Installation and Integration
Mergoo can be installed quickly via pip for stable releases or directly from GitHub for the latest updates. It also supports installation from source for those who prefer direct customization.
pip install mergoo
Getting Started
Setting up Mergoo involves specifying configurations such as model type, the number of experts per token, and the desired router layers when merging fully fine-tuned or LoRA fine-tuned LLM experts.
For example, merging fully fine-tuned LLM experts can look like this in Python:
config = {
"model_type": "mistral",
"num_experts_per_tok": 2,
"experts": [
{"expert_name": "base_expert", "model_id": "mistralai/Mistral-7B-v0.1"},
{"expert_name": "expert_1", "model_id": "meta-math/MetaMath-Mistral-7B"},
{"expert_name": "expert_2", "model_id": "ajibawa-2023/Code-Mistral-7B"}
],
"router_layers": ["gate_proj", "up_proj", "down_proj"]
}
The library allows for seamless integration with the Hugging Face Trainer, enabling users to load and further fine-tune the merged expert models conveniently.
Learning and Support
Mergoo offers a range of tutorials and detailed guides to help users get the most out of its features.
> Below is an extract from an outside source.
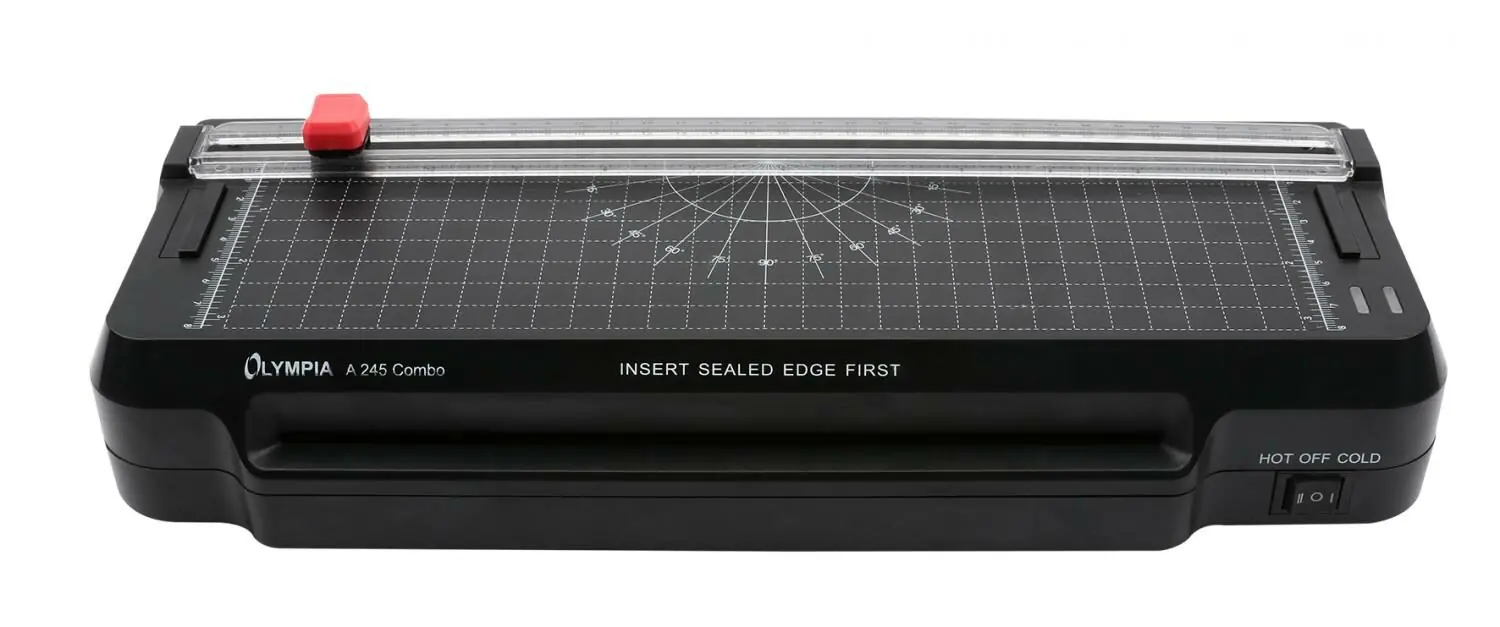 фото Ламінатор Olympia A 245 Combo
Whether exploring fully fine-tuned experts or engaging with Mixture of Adapters, there are resources available to support implementation.
The project has a clear and ambitious roadmap, aiming to introduce features such as router load balancing, supporting a broader range of expert models, and implementing advanced merging techniques.
Community and Contribution
Mergoo is open-source and thrives through community contribution. The project welcomes suggestions, feature requests, and code enhancements from users. Interested individuals can join the Leeroo community through various platforms, such as Twitter, LinkedIn, Discord, and the Leeroo website.
The project documentation urges potential contributors to pitch in with new ideas, feature implementations, or even help improve existing infrastructure.
For inquiries or further information, the community can open GitHub issues or reach out via email for support or questions.
Mergoo represents a significant step forward in the domain of language modeling, setting the stage for more insightful and capable integrations of expert systems.